We could rely on the order in which everything is plotted to identify elements and to which region or country every line, circle, and path belongs to. But if you ask me, I would prefer to have some sort of ID on these elements so we can reduce the margin for error in our charts. Sadly, this is not as straightforward as I would like it to be. Most plotting libraries do not care about identifying elements once that the chart is saved as a SVG. Therefore, I had to rely on a handy trick for this. Let’s go back and explore the content of one of our circle elements:

<circle cx='284.62' cy='64.63' r='4.29' style='stroke-width: 0.035; stroke: #A6A6A6; fill: #46B5FF;' />

Every circle element has four attributes: cx and cy are the circle coordinates, r refers to the radius of the circle, and the we have the style attributes that contain information on the aesthetics. Inside the style attributes, we have a color code for filling the circle “#46B5FF” and another for the thin border around the circle “#A6A6A6”. The fill color will depend on the value that we are plotting, for our case example this is the percentage of respondents that believe that Narnia is real. However, the border is arbitrary and fixed for all the circles. The key is to use this style attribute to identify to which specific region each circle and path element belongs to without having to rely on how the data was sorted.

To achieve this, I generated a set of 110 unique colors for each region. This set consists of 110 slight variations of the “#A6A6A6” color. While each variation has a unique color code, the differences are so subtle that they are almost imperceptible to the human eye. Additionally, I created a second set of unique colors for the tooltips, with slight variations of the dark grey “#1E212B” color. Here is the code I used to produce these color sets:

import random

# Base color
base_color = (166, 166, 166)  # RGB equivalent of #A6A6A6

# Function to create slight variations of the base color
def generate_similar_colors(base_color, n, variation=5):
    colors = set()
    while len(colors) < n:
        new_color = (
            min(max(base_color[0] + random.randint(-variation, variation), 0), 255),
            min(max(base_color[1] + random.randint(-variation, variation), 0), 255),
            min(max(base_color[2] + random.randint(-variation, variation), 0), 255),
        )
        hex_color = "#{:02X}{:02X}{:02X}".format(*new_color)
        colors.add(hex_color) 
    return list(colors)

# Generate 120 unique colors
unique_colors = generate_similar_colors(base_color, 120)

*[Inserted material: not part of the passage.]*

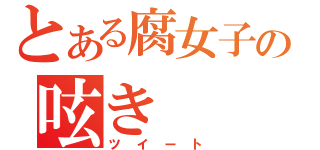 とある腐女子の呟き（ツイート）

Once that we have our two sets of unique colors for the circle borders and the tooltips, we can incorporate them into our ggplot routine. For the purposes of this post, I won’t go over how I generated the ggplot. However, you can find the code for the resulting plot in this GitHub repo.

If we inspect the circle elements, they would look like this:

<circle cx='352.51' cy='48.53' r='4.29' style='stroke-width: 0.035; stroke: #A3ABA6; fill: #46B5FF;' />

This circle element has the stroke color “#A3ABA6” which we have assigned to BE2 Flemish Region in Belgium following the table bellow:

import pandas as pd

region_colors = pd.read_excel("region_labels.xlsx")
region_colors

	country	region_id	region_name	border_color	label_color
0	Austria	AT1	East Austria	#A3A9A6	#21222E
1	Austria	AT2	South Austria	#A4ABA6	#221E30
2	Austria	AT3	West Austria	#A5A6A4	#1A1C2F
3	Belgium	BE1	Brussels Region	#A1A8A6	#1A212B
4	Belgium	BE2	Flemish Region	#A3ABA6	#23222C
...	...	...	...	...	...
105	Spain	ES3	Madrid	#A6ABA2	#1C2328
106	Spain	ES7	Canary Islands	#A1A1A5	#1E1C2F
107	Sweden	SE1	Eastern Sweden	#A9A2A7	#1B1D26
108	Sweden	SE2	Southern Sweden	#AAA4A1	#1E202D
109	Sweden	SE3	Northern Sweden	#A8A9A9	#1C2529

110 rows × 5 columns

Modifying the XML tree

Once that we have a SVG in which we can use the stroke/fill color to identify to which region each circle, path, and polygon element belongs to, we can proceed to read the image in Python. We can do this by using the lxml library. I prefer the lxml library above the native xml because it has more flexible functions when it comes to identify parent tags, which makes things easier for us.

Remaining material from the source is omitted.